Bottom line: Generally positive indicators. Standard due diligence and a personal visit recommended.

About This Facility

What is Quincy Retirement Community's CMS Rating?

CMS assigns QUINCY RETIREMENT COMMUNITY an overall rating of 4 out of 5 stars, which is considered above average nationally. Within Pennsylvania, this rating places the facility higher than 99% of the state's 100 nursing homes. This rating reflects solid performance across the metrics CMS uses to evaluate nursing home quality.

How is Quincy Retirement Community Staffed?

CMS rates QUINCY RETIREMENT COMMUNITY's staffing level at 4 out of 5 stars, which is above average compared to other nursing homes. Staff turnover is 37%, compared to the Pennsylvania average of 46%. This relatively stable workforce can support continuity of care.

What Have Inspectors Found at Quincy Retirement Community?

State health inspectors documented 17 deficiencies at QUINCY RETIREMENT COMMUNITY during 2023 to 2025. These included: 17 with potential for harm.

Who Owns and Operates Quincy Retirement Community?

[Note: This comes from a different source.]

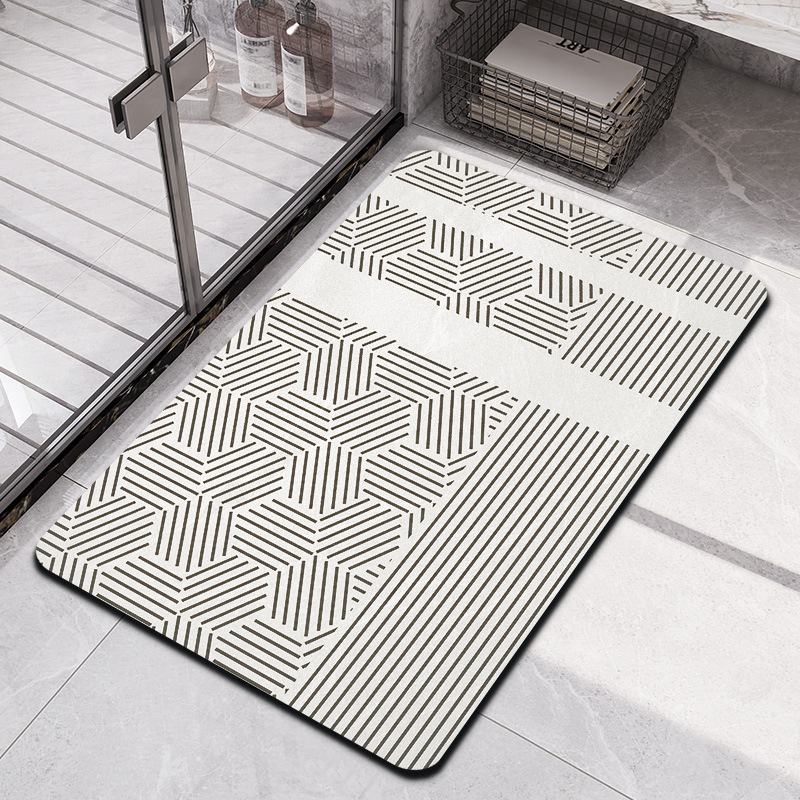 Simple style diatom mud absorbent soft cushion bathroom door mat anti-slip quick-drying bathroom and toilet carpet available for delivery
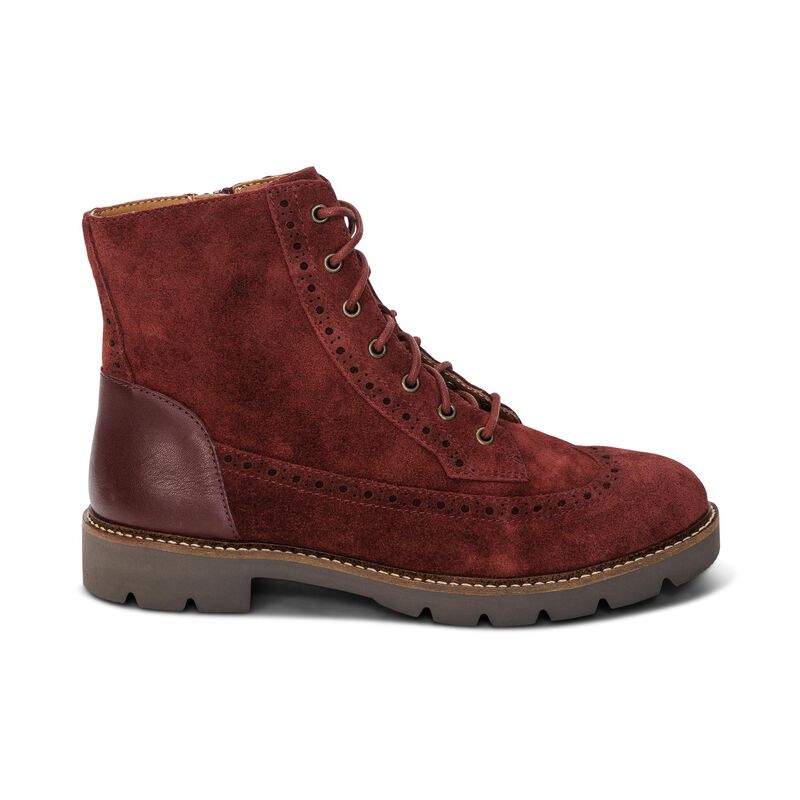 dark red weatherproof leather lace-up boot right view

QUINCY RETIREMENT COMMUNITY is owned by a non-profit organization. Non-profit facilities reinvest revenue into operations rather than distributing to shareholders. The facility is operated by PRESBYTERIAN SENIOR LIVING, a chain that manages multiple nursing homes. With 94 certified beds and approximately 81 residents (about 86% occupancy), it is a smaller facility located in WAYNESBORO, Pennsylvania.

How Does Quincy Retirement Community Compare to Other Pennsylvania Nursing Homes?

Compared to the 100 nursing homes in Pennsylvania, QUINCY RETIREMENT COMMUNITY's overall rating (4 stars) is above the state average of 3.0, staff turnover (37%) is near the state average of 46%, and health inspection rating (4 stars) is above the national benchmark.

What Should Families Ask When Visiting Quincy Retirement Community?

Based on this facility's data, families visiting should ask: "Can I visit during a mealtime to observe dining assistance and food quality?" "How do you handle medical emergencies, and what is your hospital transfer rate?" "Can I speak with family members of current residents about their experience?"

Is Quincy Retirement Community Safe?

Based on CMS inspection data, QUINCY RETIREMENT COMMUNITY has a clean safety record: no substantiated abuse findings (meaning no confirmed cases of resident harm), no Immediate Jeopardy citations (the most serious violation level indicating risk of serious injury or death), and is not on the Special Focus Facility watch list (a federal program monitoring the lowest-performing 1% of nursing homes). The facility has a 4-star overall rating and ranks #1 of 100 nursing homes in Pennsylvania. While no facility is perfect, families should still ask about staff-to-resident ratios and recent inspection results during their visit.

Do Nurses at Quincy Retirement Community Stick Around?

QUINCY RETIREMENT COMMUNITY has a staff turnover rate of 37%, which is about average for Pennsylvania nursing homes (state average: 46%). Moderate turnover is common in nursing homes, but families should still ask about staff tenure and how the facility maintains care continuity when employees leave.

Was Quincy Retirement Community Ever Fined?

QUINCY RETIREMENT COMMUNITY has no federal fines on record. CMS issues fines when nursing homes fail to meet care standards or don't correct problems found during inspections. The absence of fines suggests the facility has either maintained compliance or corrected any issues before penalties were assessed. This is a positive indicator, though families should still review recent inspection reports for the full picture.

Is Quincy Retirement Community on Any Federal Watch List?

QUINCY RETIREMENT COMMUNITY is not on any federal watch list. The most significant is the Special Focus Facility (SFF) program, which identifies the bottom 1% of nursing homes nationally based on persistent, serious quality problems. Not being on this list means the facility has avoided the pattern of deficiencies that triggers enhanced federal oversight. This is a positive indicator, though families should still review the facility's inspection history directly.